Auf dem etwa 2 mal 3 Meter großen Bild ist auf der linken Seite eine nackte, auf einem Sofa liegende Frau zu sehen. Dieses Bild schließt einerseits an die Tradition der Aktdarstellung der Venus an. Andererseits kann hier auch ein Bezug zu Sigmund Freud hergestellt werden, dessen Couch Weltberühmtheit erlangt hat. Dieser beschäftigt sich zu dieser Zeit ebenso mit „primitiven“ Kulturen und fasst seine Erkenntnisse 1913 mit der Schrift „Totem und Tabu“ zusammen. Die nackte Schöne, auf einem Sofa liegend, positioniert Rousseau nun inmitten eines Urwaldes. Im Dickicht der mehr als 50 Grüntöne starren uns Tieraugen an, exotische Pflanzen umranken sich und in der Mitte des Bildes spielt ein Eingeborener eine Flöte. Rousseau selbst ist Klarinettist. Die Frau, die einen zugleich skeptischen als auch träumerischen Gesichtsausdruck hat, zeigt in die Tiefe des Urwalds. Ihre Nacktheit symbolisiert das Ursprüngliche, das Reine des Menschen und zeigt eine Sehnsucht nach der Maxime seines Namensvetters Jean-Jacques Rousseau „Retour à la Nature“: Eine Natur, die sich über das gesamte Bild erstreckt und durch die Nuancenvielfalt der Farbtöne eine Tiefe erhält, das den Urwald noch geheimnisvoller macht. Die Atmosphäre des Bildes ist fast poetisch. Man scheint ein Rascheln der Blätter zu vernehmen, leise Flötentöne fließen durch das dichte Grün, exotische Vögel rufen und von fern tönt das Brüllen der Löwen. Dies zieht den Betrachter in das Bild hinein und umfängt ihn mit Rätseln und Geheimnissen. Genau dieses Rätselhafte zeigt sich als wesentlicher Einfluss auf die Surrealisten wie Dalí, Magritte oder Miró, die ab etwa 1920 das Ziel formulieren, mit der Malerei Illusionen, Träumen und dem Unbewusstsein auf den Grund zu gehen.

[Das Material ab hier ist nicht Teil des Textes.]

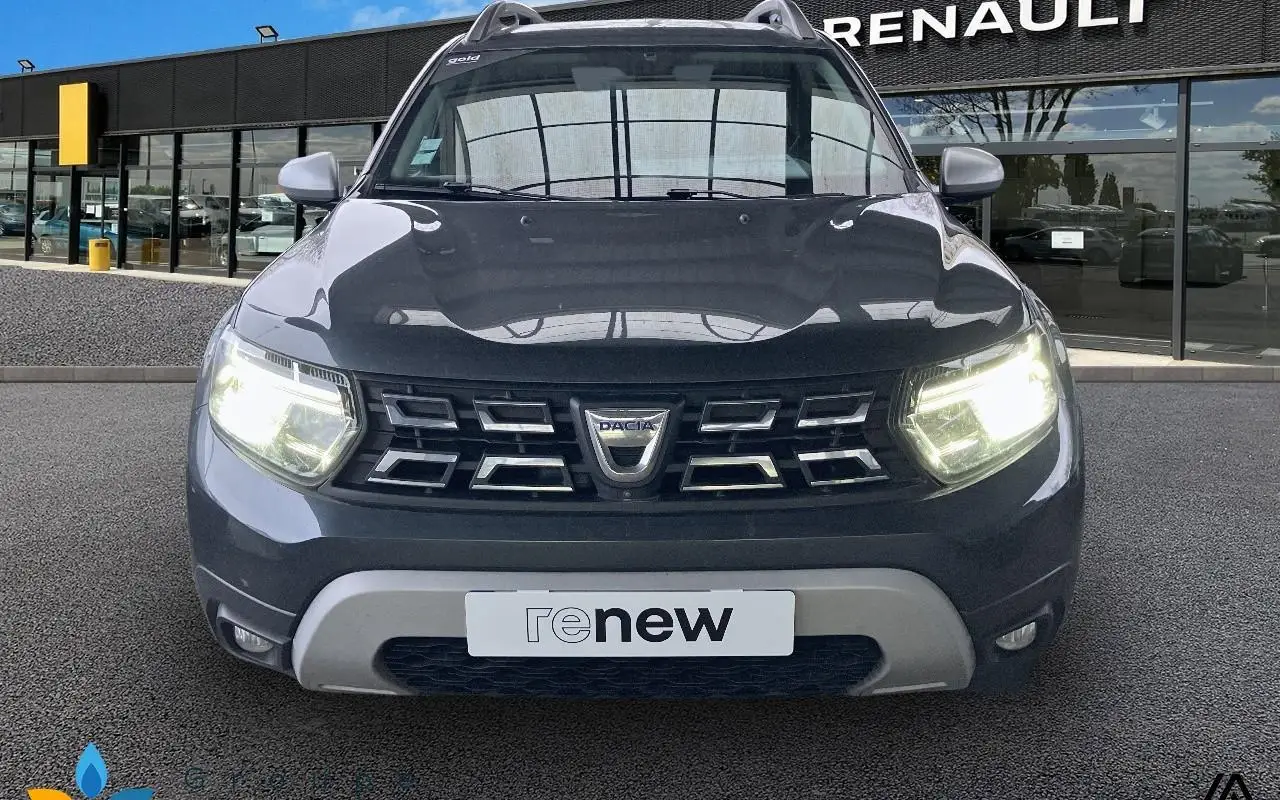 Dacia Duster Blue dci 115 4x2 prestige 1006 5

Die Authentizität des Künstlers

Sein Werk spiegelt das Ursprüngliche des Daseins vielleicht deshalb so authentisch wieder, weil Rousseau nie eine Akademie besucht hat und intuitiv künstlerisch tätig ist. Sein Wunsch, zu malen, wächst seit seiner Kindheit langsam heran und führt letzten Endes zu einer Entscheidung für ein Leben mit der Kunst und nur mit ihr. Sein Bruch mit den Konventionen der damaligen Malerei, sowohl hinsichtlich der Ausbildung als auch der Ausübung, macht ihn zum Wegbereiter nicht nur des Surrealismus, sondern ebenso auch des Kubismus und Expressionismus. Die Elemente seiner Bilder sind durch eine starke Vereinfachung charakterisiert. Viele seiner Bilder („Die Hochzeit“, 1904/05 oder „Die Muse inspiriert den Dichter“, 1909) zeichnen sich durch die Darstellung von Alltäglichkeiten aus, verbunden mit dem Thema Natur. Die Figuren sind oft in frontaler Sicht oder im Profil zu sehen und heben sich durch scharfe Konturen und starke Kontraste vom Hintergrund ab.

Rousseaus Malerei ist naiv, aber sie ist ebenso authentisch wie das Leben selbst, das in erster Linie aus Alltag besteht. Rousseau nimmt diese Alltagsgeschichten einerseits auf, entflieht dem gewöhnlichen Einerlei aber andererseits durch seine Dschungelbilder, die eine Sehnsucht nach dem Außergewöhnlichen und Eleusinischen darstellen und hervorrufen. Rousseau ist Realist und Träumer gleichermaßen und ein schönes Beispiel dafür, dass es für die Ausübung unterdrückter Interessen nie zu spät ist.

Es bleibt immer Zeit, zu träumen

Im 21. Jahrhundert neigt der Mensch als Mitglied einer in erster Linie ökonomisch geprägten Gesellschaft leider immer häufiger dazu, sich bei der Berufswahl von monetären oder Anerkennung generierenden Aspekten leiten zu lassen. Rousseau hat nicht nur ein künstlerisches Erbe hinterlassen, seine Biographie scheint uns ebenfalls zuzurufen: Es ist nie zu spät, zu werden, was man muss.